Três meses antes de virar papa, Robert Prevost discordou publicamente do vice-presidente americano, JD Vance, sobre a interpretação de um conceito da tradição católica que ele usou durante uma entrevista para justificar a ideologia America First ("América primeiro") defendida por Donald Trump.
"Tem um conceito cristão que expressa que você ama sua família, depois ama o próximo, depois ama sua comunidade, depois ama seus concidadãos e, depois disso, prioriza o resto do mundo. Boa parte da extrema esquerda inverteu completamente isso", afirmou Vance à Fox News em 29 de janeiro.
Em 3 de fevereiro, Prevost compartilhou no X (antigo Twitter) um artigo de opinião publicado no National Catholic Reporter com o título "JD Vance está errado: Jesus não nos pede para hierarquizar nosso amor pelos outros".
Até o momento, o post teve 29 mil compartilhamentos e 71 mil curtidas, e segue gerando engajamento.

Quando foi publicado, três meses atrás, o assunto já havia se tornado um grande bate-boca na internet.
No dia seguinte à entrevista da Vance, um professor se manifestou no X classificando a perspectiva como "uma visão bizarra de João 15:12-13" e alertando que deveria gerar preocupação "quando políticos agem como teólogos, presumem falar por Jesus e nos dizem em que ordem amar".
Ao que Vance, que se converteu ao catolicismo em 2019 e se descreve no X como "cristão, marido, pai", respondeu: "Procure 'ordo amoris' no Google".
A partir daí, os internautas foram prolíficos em interpretações sobre o conceito, com católicos mais conservadores defendendo o republicano e os mais liberais discordando dele.

No texto compartilhado por Prevost, a articulista afirma que "ordo amoris" surgiu na Idade Média, sendo comumente atribuído a São Tomás de Aquino. Ela argumenta que a ideia foi desenvolvida dentro da lógica da escassez do período medieval e que erroneamente alimenta o mito de que algumas pessoas são mais dignas de cuidado e atenção do que outras.
"Mas Jesus nunca fala de amor como algo que deva ser racionado. Ele fala de amor como abundância — uma mesa onde há o suficiente para todo mundo", prossegue o texto
Dez dias depois, o cardeal compartilhou outro post sobre o assunto, desta vez da publicação America The Jesuit Review, intitulada "A carta do papa Francisco, o 'ordo amoris' de JD Vance e o que o Evangelho nos pede em relação à imigração".

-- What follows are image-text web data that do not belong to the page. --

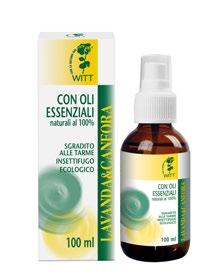 ANTIPOLVERE e ANTITARME PULITO SPRAY Antipolvere Formato: 250 ml Antistatico. Idrorepellente. Con chiusura di sicurezza.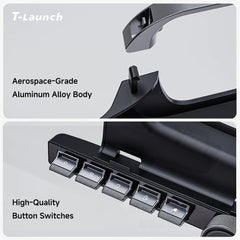 Customizable Center Console Physical Control Buttons for Tesla Model 3 (2017+) / Model Y (2020+)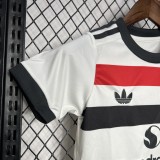 Manchester United jersey 24/25 2away kids kit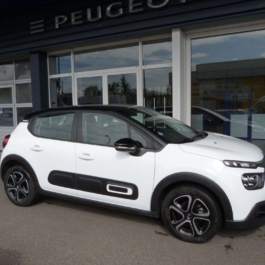 Citroen c3 1.2 pure tech 83 cv shine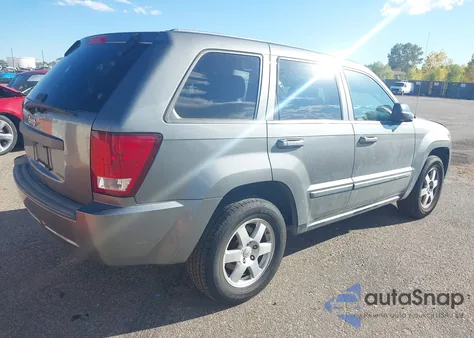 2008 Jeep Grand Cherokee Laredo z USA, uszkodzony, nr VIN 1J8GR48K38C183172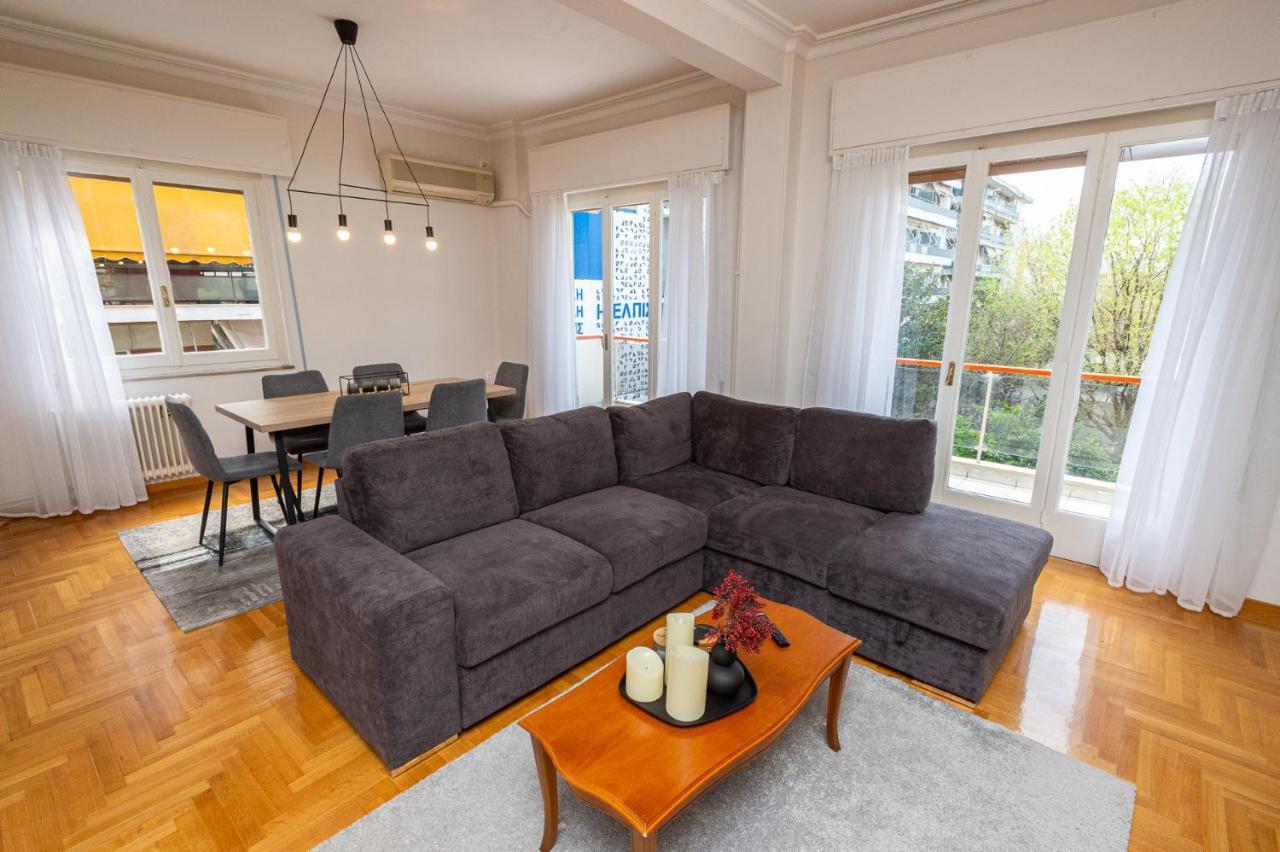 Square 119 Apartment โวโลส ภายนอก รูปภาพ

O artigo faz menção a uma carta enviada pelo papa Francisco aos bispos dos Estados Unidos em resposta à política de deportação em massa da gestão de Trump e afirma que nela o pontífice havia claramente rejeitado a interpretação de Vance no trecho "O amor cristão não é uma expansão concêntrica de interesses que pouco a pouco se estendem a outras pessoas e grupos".
O articulista aponta ainda que muitos eleitores de Trump são católicos e votaram nele, entre outras razões, por sua agenda de deportações em massa, e argumenta que a visão do republicano em relação à imigração e aos migrantes "é totalmente diferente do que é ensinado pela igreja".
E conclui: "O Evangelho não oferece uma carta sobre como legislar em relação à imigração. Ele oferece um padrão sobre até onde devemos ir para amar o próximo e uma recusa em aceitar os limites com os quais podemos nos sentir confortáveis ??em relação a quem é esse próximo. A questão que precisamos responder é se julgamos a política de acordo com o Evangelho ou o contrário".